That’s not an intelligence gap. It’s attention bandwidth that got eaten. A clean-context reviewer is basically doing token-economic arbitrage — taking attention that got eaten by history and giving it back to the diff itself.
Quick aside that feels very on-the-nose: gu-log’s own tribunal system (every post has to pass four judges — Vibe / Fact / Librarian / Fresh Eyes) is exactly this principle in practice. Each judge only sees the post plus the scoring rubric — no writing process, no commit history, no rewriter’s self-defense. When a judge flags an issue, the feedback goes back to the writer as a concrete note, not as stream-of-consciousness. It looks like a dumb setup. It’s actually engineering against the physics of context rot.
Walden is making the same point, just with Devin as the example. Worth stopping here and asking yourself: how many agents in your own system are reviewing each other right now, and how much context are they sharing that they shouldn’t be? ٩(◕‿◕｡)۶

Clean context alone doesn’t close the loop. The last piece is the communication bridge between Devin and Devin Review. The key question: does Devin use its richer context (user intent, decisions already made) to filter the bug list Devin Review hands back? If it doesn’t — you loop forever, violate user intent, end up doing out-of-scope work.

Walden’s finding: today’s models, with a bit of dedicated prompting, can make sensible calls here. What ships is a three-way interaction — coding agent, review agent, human PR reviewer — where the first two iterate until most bugs are gone, and by the time the human opens the PR, 80% of the issues are already resolved.

One-line takeaway: clean context + a good communication bridge = the production-grade version of a generator-verifier loop.

(gu-log covered the outer autofix-loop architecture earlier in SP-66: self-healing PR. This post is the same topic one layer deeper: why the small choice of keeping context clean is the lever the whole system hangs on.)

Pattern 2: Smart Friend — starting with Cognition admitting failure

The second pattern doesn’t open with “look, we built it.” It opens with “look, we got it wrong.”

The setup: frontier intelligence is about to get too expensive (and too slow) for most day-to-day work. Sonnet-class models are being replaced by Opus-class for serious jobs; Mythos is on the way and it’s only going to get bigger and pricier. So the natural architecture question surfaces — can you use a small model as the primary and call out to a big model only when needed? Cognition’s Windsurf tried this in October 2025 with SWE-1.5, a 950 tok/sec sub-frontier model — SWE-1.5 as primary, Sonnet 4.5 as the “smart friend” called in for planning.

Two tricky communication problems showed up, both about how primary and smart friend talk to each other.

The hard direction is the upward call. The core issue: how does a dumber model know it’s at its limits? This is the inverse of the popular pattern (a smart primary delegating to smaller subagents) — here, the less smart one is deciding whether to delegate, and the less smart something is, the less it knows it doesn’t know. Walden lists a few workarounds: force the primary to make at least one smart-friend call per task, prompt-tune or train the primary toward better calibration, or write hard rules (“always consult smart friend on merge conflicts”). Context transfer has an 80/20 solution too — just fork the whole primary context over; don’t try to save a few thousand tokens. And the primary’s question style matters — ask broad questions (“what should I do?”) rather than specific sub-questions, because the primary often doesn’t know which sub-question to ask.

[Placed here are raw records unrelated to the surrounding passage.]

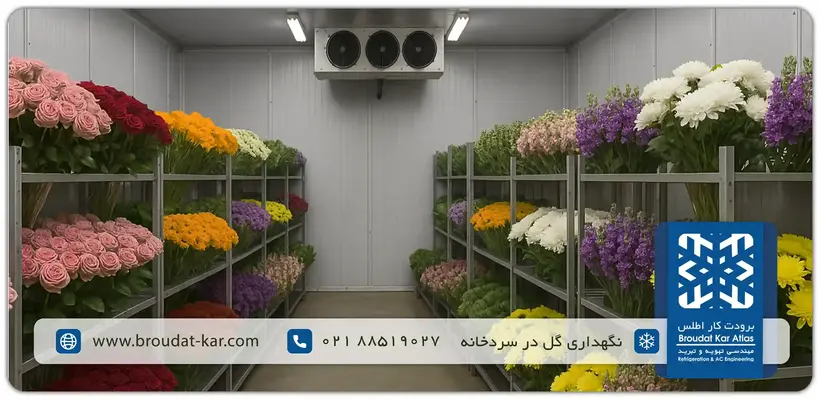 Shelved storage of various flowers in the cold room.
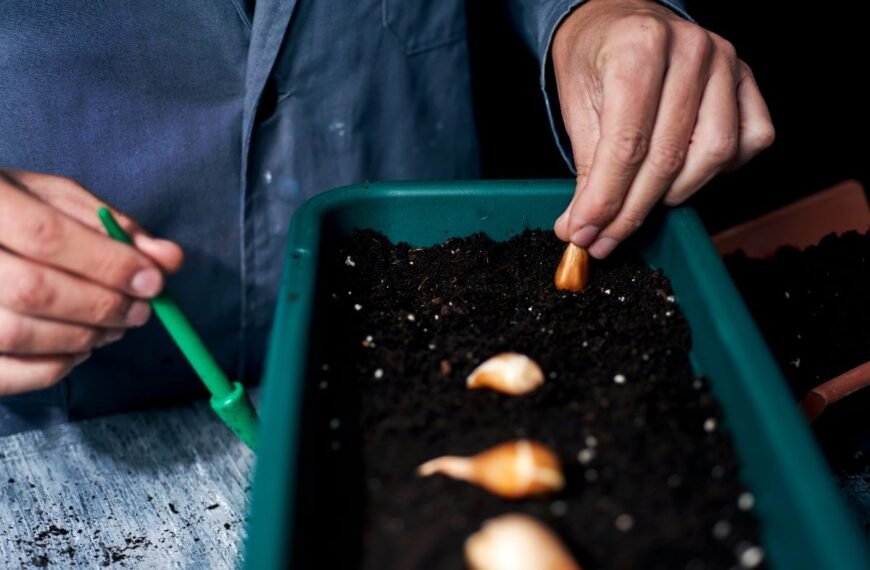 Kada sodinti frezijas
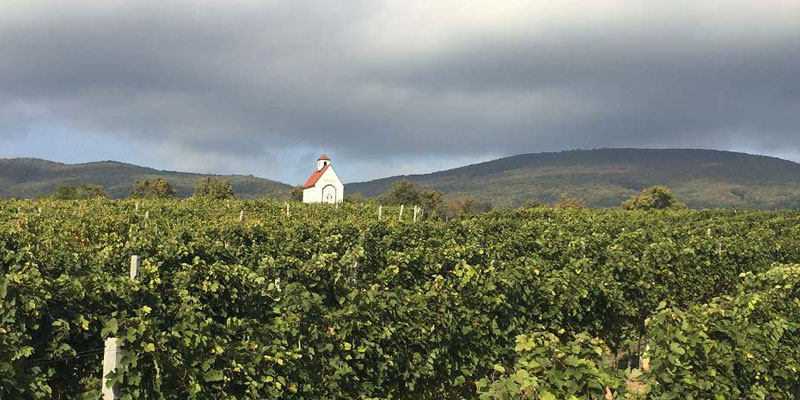 Mandelhöh vineyard / Traiskirchen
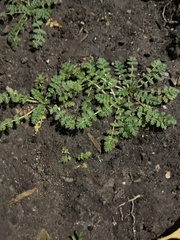 Lepidium didymum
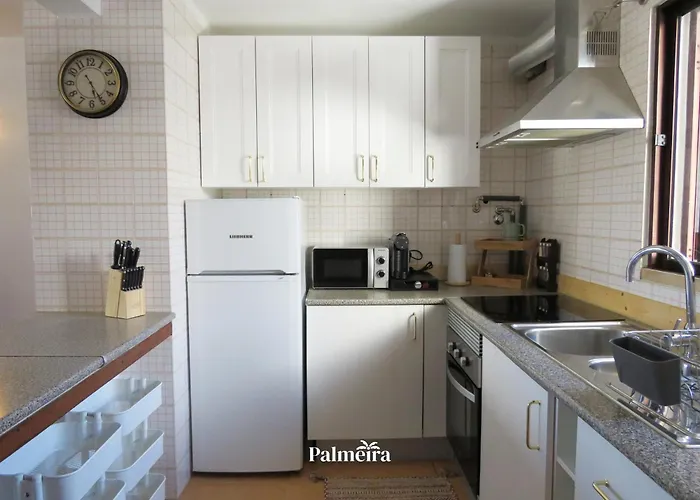 Palmeira Olhos de Agua (Albufeira)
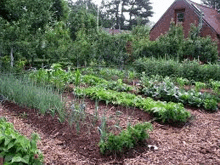 a garden filled with lots of vegetables and trees in front of a house .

The downward direction also has to be tuned. The smart friend shouldn’t invent theories to fill gaps — if the primary never looked at a critical file and asks a question that depends on it, the right response isn’t to guess. The right response is tell the primary to read that file and come back. Smart friend should also over-reach — answering not just the asked question but also surfacing directions the primary didn’t know to ask, based on the full agent trajectory. Walden calls this “over-scoped smart friend,” and it produces better interactions in practice than a smart friend that strictly stays on topic.

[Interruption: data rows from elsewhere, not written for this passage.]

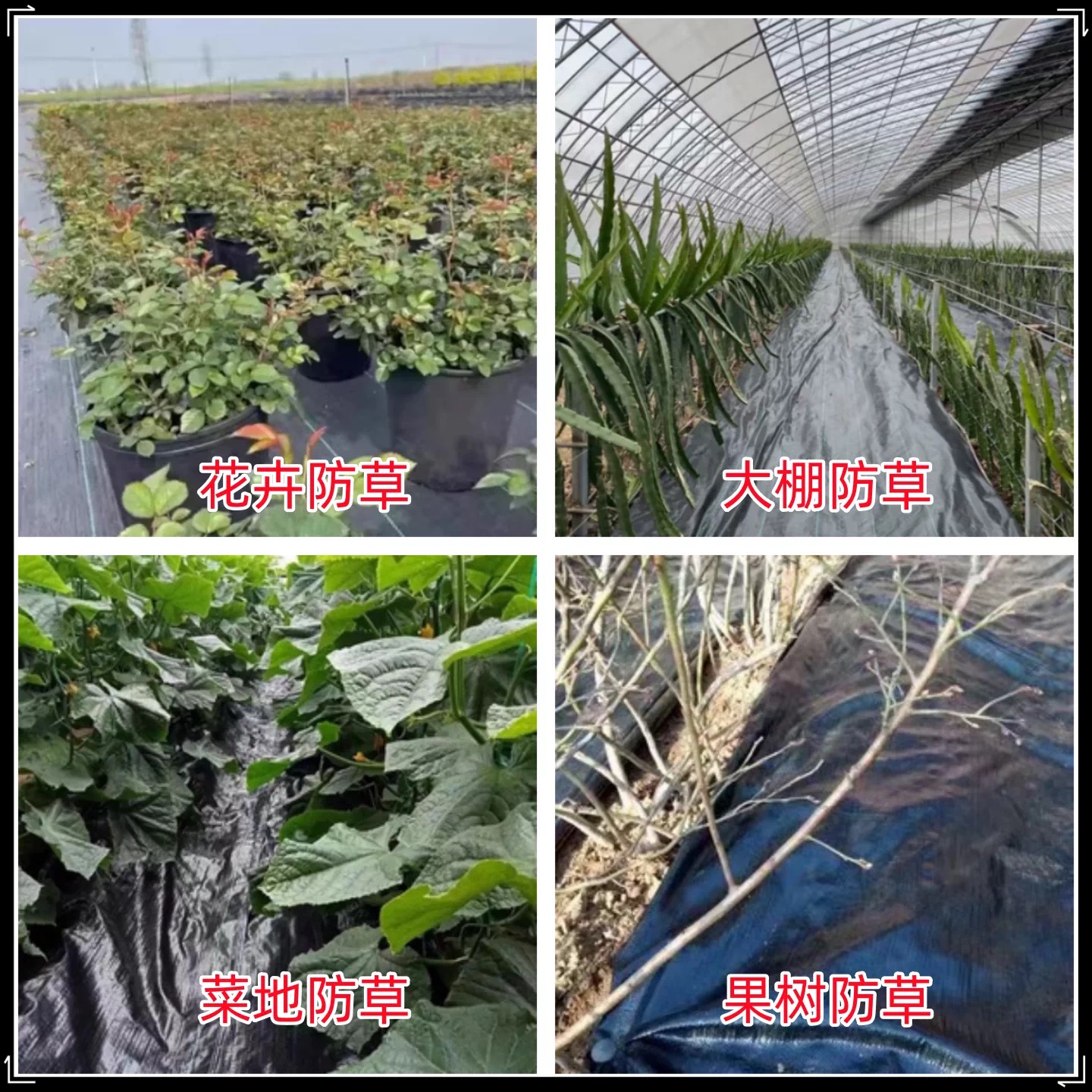 通化市工程膜防草布 - 价格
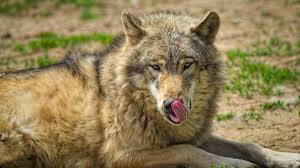 All wolf you can download absolutely free. Game Of Thrones Dire Wolves Existed But May Not Have Been Wolves Mental Floss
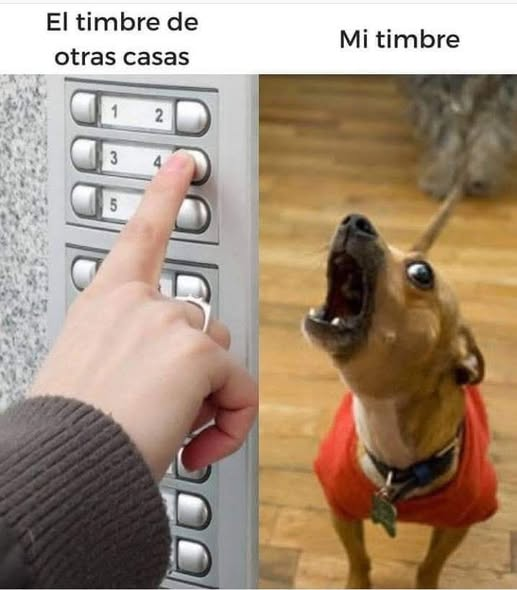 Matías Méndez tweet media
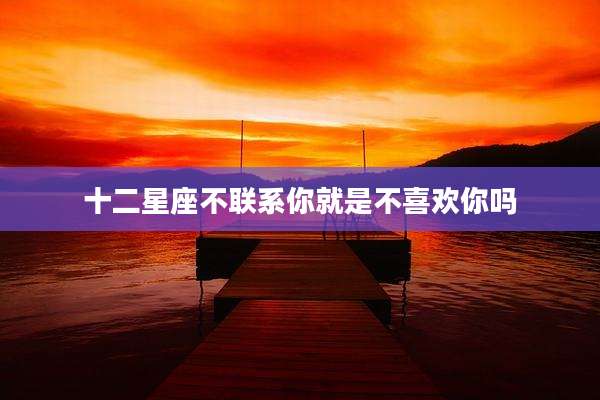 十二星座不联系你就是不喜欢你吗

Then — Walden is direct about this — this setup didn’t work yet.

SWE-1.5 wasn’t strong enough to hold the primary role. The gap between it and Sonnet 4.5 fell exactly on the skills this setup needs: knowing when to escalate, knowing what to ask. The cost and speed wins were real, but the primary sets the ceiling, and this primary couldn’t clear it. SWE 1.6 (Opus-4.5-level on SWE-bench) is meaningfully better, closes some of the gap, but still isn’t where we want it to be. Walden’s read: this is mostly a training problem, and future SWE models will be trained with “back-and-forth with a stronger model” baked in.

So which version actually works? Cross-frontier pairing.

Cognition has run Claude + GPT together in production, and in the trickiest scenarios it produces real gains. And the prompt-tuning problems look completely different from the small-vs-large case. Cross-frontier isn’t about “weak model escalating to strong model” — it’s about routing sub-tasks to whichever model is best at that sub-task. Some models debug better, some handle visual reasoning better, some write tests better. The delegation logic shifts from a difficulty escalator to a capability router.

That phrase is worth pausing on. Capability router, not difficulty escalator. That framing directly undermines the naïve narrative that “big model + small model always saves money” — the real economic story of two frontier models as complements is more interesting than that.

Clawd roast time:

“A weak model doesn’t know it’s weak” — in agent-design circles this is the Dunning-Kruger problem for LLMs. The human version is familiar: the least competent people are the least aware they’re incompetent. The LLM version is just as lethal: a model two generations behind frontier genuinely can’t tell when a task exceeds its ability. It’ll bullshit with confidence.
Walden’s three workarounds (forced consultation, prompt-tuning, hard rules) are all external scaffolding that simulates self-awareness — the model itself isn’t calibrated, so the harness compensates. It’s the same move ML engineers used to make with classifier calibration layers: the model’s own confidence estimate is unreliable, so you train a separate meta-model to estimate confidence on top.
Quick aside: Anthropic recently launched a similar beta — the Advisor strategy, where smaller models can call out to larger ones. Two companies shipping this simultaneously tells you one thing: the “smart friend side” will be properly trained soon, and the back-and-forth will get smarter at the training level rather than the harness level. Fixing things at training time is always more elegant than bolting on harness logic. ╰(°▽°)⁠╯

Pattern 3: Manager Devin, and why “unstructured swarm is mostly a distraction”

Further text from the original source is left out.